One More Thing...

One More Thing...

Thursday, December 30, 2010

Une Autre

Life has been kind.
I have forgiven and forgotten. Those I have loved are now lost. The other day I couldn't even remember their faces. Odd, considering every one of the twenty three faces of my first grade class stand out in my memory stronger than coked elephants.

I am across the waves at the moment, having just spent three days in London. The British Museum, The Globe Theatre, Buckingham Palace, The Tower of London, The Tate, Covent Carden, and much more. I am now in the Motherland, after a quick flight, for a wedding (I thought Continental was bad but British Air kind of sucks too).

I have an amazing job, in which I basically get to watch a free live show-concert-symphony-musical-play- enter other here every shift. The only downside, too much free food. Pay is low but satisfaction is not, even though my boss is one of those cliche theater school dropouts who runs theaters instead of running around in them.
I've reread Stanislavsky and went through all of Chekovs major works.

My final transcript from Rutgers has been released and I've got A's across the board except for one class. Please gods forgive me fro getting a B in my Introduction to Interpersonal Communication Processes class that I FAILED last semester. Just goes to show that the difference between an F and a B is a different teacher and a later class. Spring classes are looking good, finishing up my Theater degree.

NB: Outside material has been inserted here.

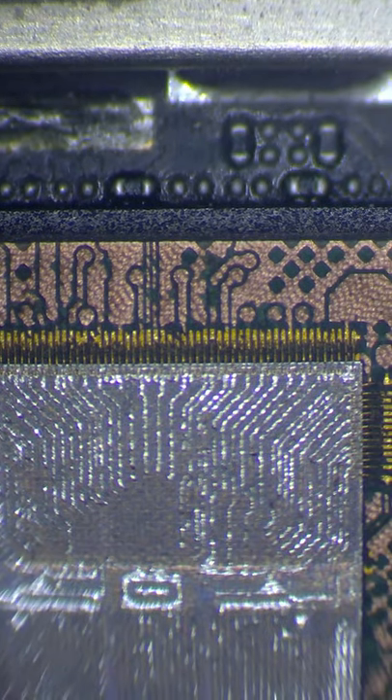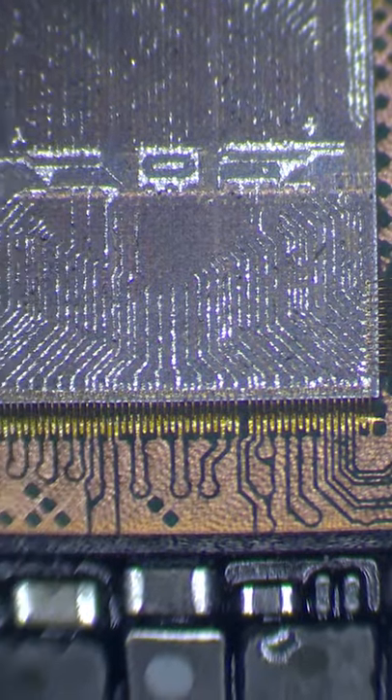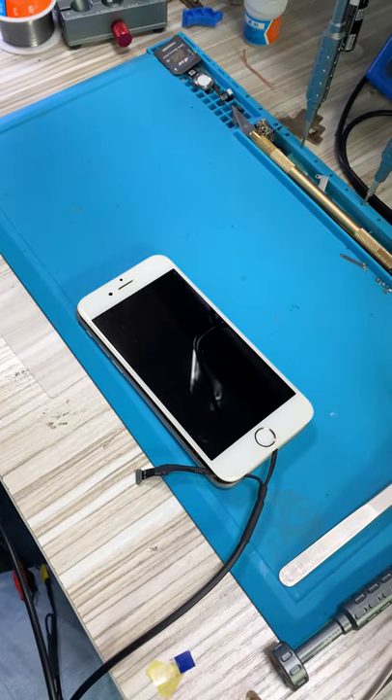As you can see, the interior structure of the Apple Tree is beautiful. Now we try to turn on the phone after laser marking. It turns out that the phone is unable to boot up after laser marking.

Over the summer I plan to get singing lessons. It's something I know I can do well with help and I've put it off for far too long and I've seen way to many auditions that require several bars for me not to do it. I'm also considering some short courses in film acting. Remind me to read books by Michael Caine.

By the by, I saw Antony and Cleopatra at the Roundhouse in London by the Royal Shakespeare Company and it was ... mediocre. I was actually rther disappointed, especially after having to sit through hours of John Barton's Playing Shakespeare over the summer. I realized, however, that I am able to tell apart experienced versus unexperienced actors, regardless of age (and to some degree, talent). After picking my favorites, I checked the program (which cost me three and a half pounds) and discovered that my favorite actors were the most senior in the company. They played the Soothsayer and Agrippa (Shakespeare loves that name I guess). Reminder to myself to look up the Enobarbus monologues, potential for audition piece.

Anyhow I really have to make a journey to the water closet as I write, as I smell the smoked sausage in the kitchen close by. Farewell.
Je maintiendrai

PS. the photo is from Terence Malicks Days of Heaven, and may the most beautiful film I have ever seen.